*** Opening GIVEN DATA ***

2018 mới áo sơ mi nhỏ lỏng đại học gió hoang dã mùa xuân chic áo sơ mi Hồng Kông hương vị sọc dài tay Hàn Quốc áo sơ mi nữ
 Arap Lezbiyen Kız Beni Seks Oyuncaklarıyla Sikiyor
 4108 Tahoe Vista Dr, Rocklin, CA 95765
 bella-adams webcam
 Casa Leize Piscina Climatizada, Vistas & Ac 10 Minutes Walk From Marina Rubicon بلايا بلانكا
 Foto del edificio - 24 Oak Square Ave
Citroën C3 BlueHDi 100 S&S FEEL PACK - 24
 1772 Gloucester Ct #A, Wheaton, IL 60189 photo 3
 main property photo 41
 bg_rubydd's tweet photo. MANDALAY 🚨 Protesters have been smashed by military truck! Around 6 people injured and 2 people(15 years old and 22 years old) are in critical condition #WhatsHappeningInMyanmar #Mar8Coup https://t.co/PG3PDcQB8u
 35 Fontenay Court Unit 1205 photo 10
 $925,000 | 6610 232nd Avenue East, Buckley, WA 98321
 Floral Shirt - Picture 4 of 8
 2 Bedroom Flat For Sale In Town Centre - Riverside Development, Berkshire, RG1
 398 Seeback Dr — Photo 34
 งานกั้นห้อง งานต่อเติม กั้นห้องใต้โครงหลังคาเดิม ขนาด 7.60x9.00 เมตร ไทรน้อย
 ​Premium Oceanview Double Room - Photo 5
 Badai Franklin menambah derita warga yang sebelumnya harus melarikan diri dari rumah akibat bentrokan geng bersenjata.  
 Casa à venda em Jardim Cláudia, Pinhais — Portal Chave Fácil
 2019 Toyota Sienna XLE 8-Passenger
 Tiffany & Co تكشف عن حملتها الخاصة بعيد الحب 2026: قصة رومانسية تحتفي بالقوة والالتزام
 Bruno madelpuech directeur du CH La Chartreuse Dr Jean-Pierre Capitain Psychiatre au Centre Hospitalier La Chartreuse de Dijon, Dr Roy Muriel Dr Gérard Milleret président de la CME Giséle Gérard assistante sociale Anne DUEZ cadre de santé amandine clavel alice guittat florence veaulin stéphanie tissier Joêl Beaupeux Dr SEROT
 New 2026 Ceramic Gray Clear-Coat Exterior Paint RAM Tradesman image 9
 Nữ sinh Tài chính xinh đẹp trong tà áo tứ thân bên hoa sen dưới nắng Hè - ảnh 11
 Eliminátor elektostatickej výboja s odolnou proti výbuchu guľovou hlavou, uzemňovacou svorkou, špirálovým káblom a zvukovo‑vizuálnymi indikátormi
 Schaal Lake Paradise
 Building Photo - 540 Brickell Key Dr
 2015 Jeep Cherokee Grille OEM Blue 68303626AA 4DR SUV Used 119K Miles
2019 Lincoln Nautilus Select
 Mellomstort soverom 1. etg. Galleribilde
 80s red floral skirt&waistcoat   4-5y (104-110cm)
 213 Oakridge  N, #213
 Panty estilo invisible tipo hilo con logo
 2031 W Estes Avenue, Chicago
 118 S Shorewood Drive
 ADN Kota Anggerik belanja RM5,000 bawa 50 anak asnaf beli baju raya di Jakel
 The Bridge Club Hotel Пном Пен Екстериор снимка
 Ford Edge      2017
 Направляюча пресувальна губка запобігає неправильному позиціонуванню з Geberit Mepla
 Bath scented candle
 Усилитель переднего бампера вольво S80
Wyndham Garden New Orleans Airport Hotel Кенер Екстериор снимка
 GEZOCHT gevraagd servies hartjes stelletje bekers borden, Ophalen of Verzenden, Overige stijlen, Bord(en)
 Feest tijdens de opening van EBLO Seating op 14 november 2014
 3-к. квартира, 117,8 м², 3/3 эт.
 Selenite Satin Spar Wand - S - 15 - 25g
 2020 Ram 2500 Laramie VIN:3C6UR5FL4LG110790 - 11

*** Closing GIVEN DATA ***

WHAT IS REQUIRED:
What you output must be the lines from the opening of the material above up to and including the line with "Room - Photo 5", reproduced exactly.

ANSWER TO THE PROBLEM:
2018 mới áo sơ mi nhỏ lỏng đại học gió hoang dã mùa xuân chic áo sơ mi Hồng Kông hương vị sọc dài tay Hàn Quốc áo sơ mi nữ
 Arap Lezbiyen Kız Beni Seks Oyuncaklarıyla Sikiyor
 4108 Tahoe Vista Dr, Rocklin, CA 95765
 bella-adams webcam
 Casa Leize Piscina Climatizada, Vistas & Ac 10 Minutes Walk From Marina Rubicon بلايا بلانكا
 Foto del edificio - 24 Oak Square Ave
Citroën C3 BlueHDi 100 S&S FEEL PACK - 24
 1772 Gloucester Ct #A, Wheaton, IL 60189 photo 3
 main property photo 41
 bg_rubydd's tweet photo. MANDALAY 🚨 Protesters have been smashed by military truck! Around 6 people injured and 2 people(15 years old and 22 years old) are in critical condition #WhatsHappeningInMyanmar #Mar8Coup https://t.co/PG3PDcQB8u
 35 Fontenay Court Unit 1205 photo 10
 $925,000 | 6610 232nd Avenue East, Buckley, WA 98321
 Floral Shirt - Picture 4 of 8
 2 Bedroom Flat For Sale In Town Centre - Riverside Development, Berkshire, RG1
 398 Seeback Dr — Photo 34
 งานกั้นห้อง งานต่อเติม กั้นห้องใต้โครงหลังคาเดิม ขนาด 7.60x9.00 เมตร ไทรน้อย
 ​Premium Oceanview Double Room - Photo 5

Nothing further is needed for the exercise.